Start of Supplied material

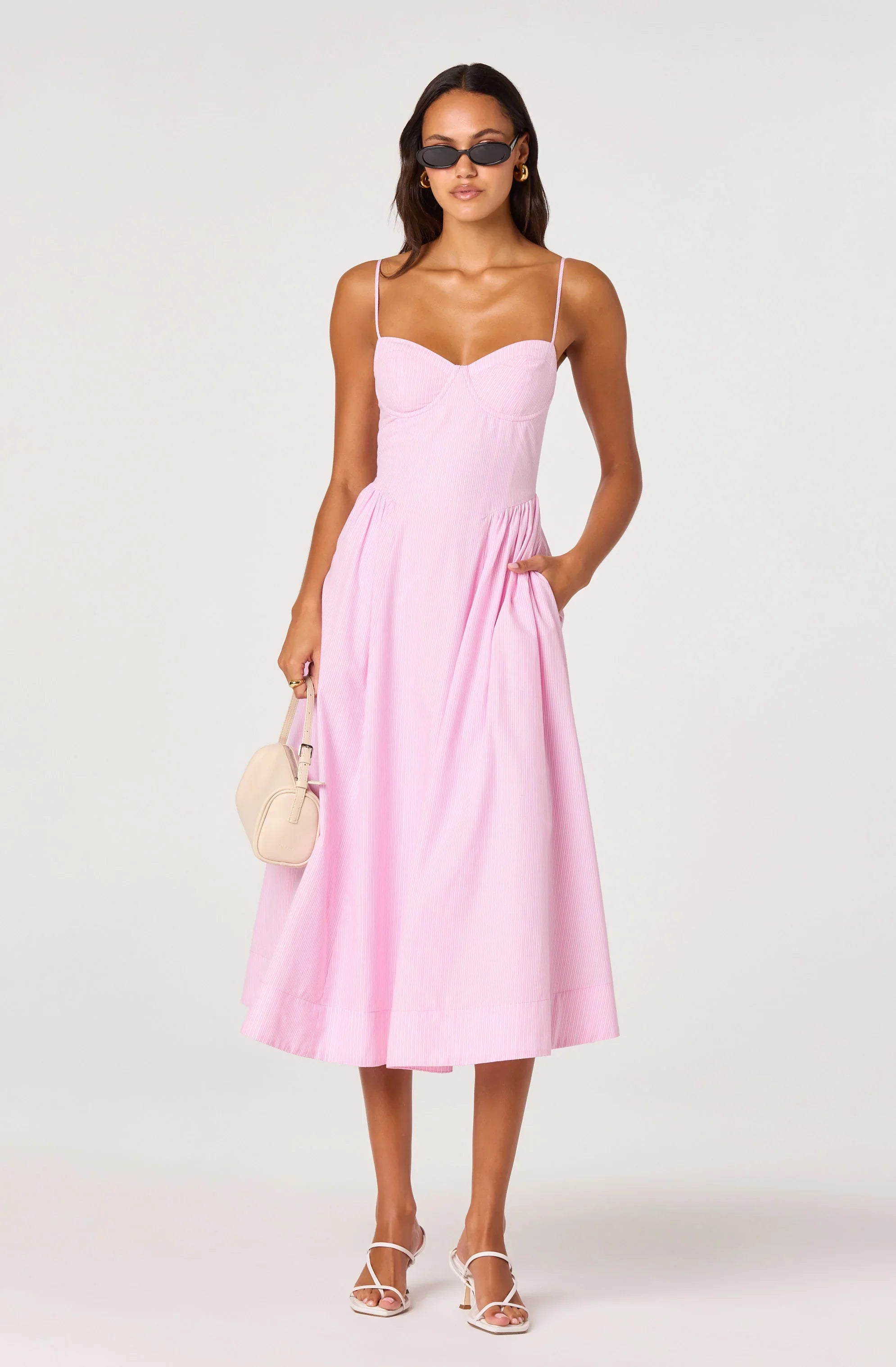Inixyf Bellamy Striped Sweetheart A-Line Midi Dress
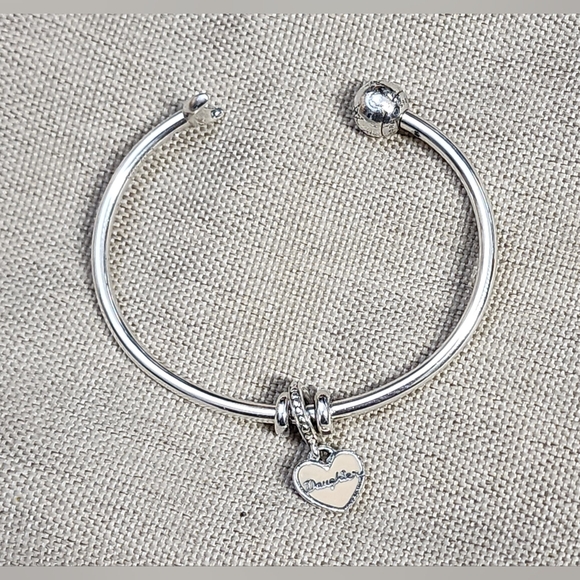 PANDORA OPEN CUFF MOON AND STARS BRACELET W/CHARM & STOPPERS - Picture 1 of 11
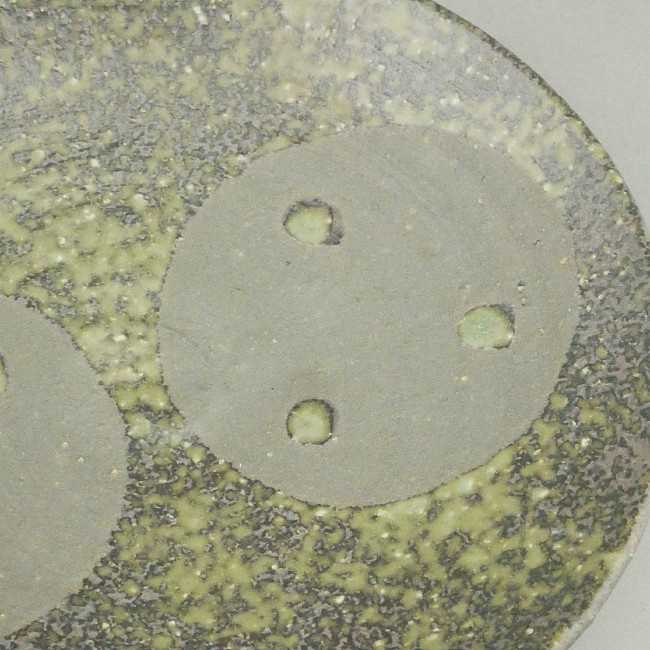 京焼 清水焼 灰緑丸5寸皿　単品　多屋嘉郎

End of Supplied material

For this exercise, return the data above exactly and leave every picture out.

[Task answer]
Inixyf Bellamy Striped Sweetheart A-Line Midi Dress
 PANDORA OPEN CUFF MOON AND STARS BRACELET W/CHARM & STOPPERS - Picture 1 of 11
 京焼 清水焼 灰緑丸5寸皿　単品　多屋嘉郎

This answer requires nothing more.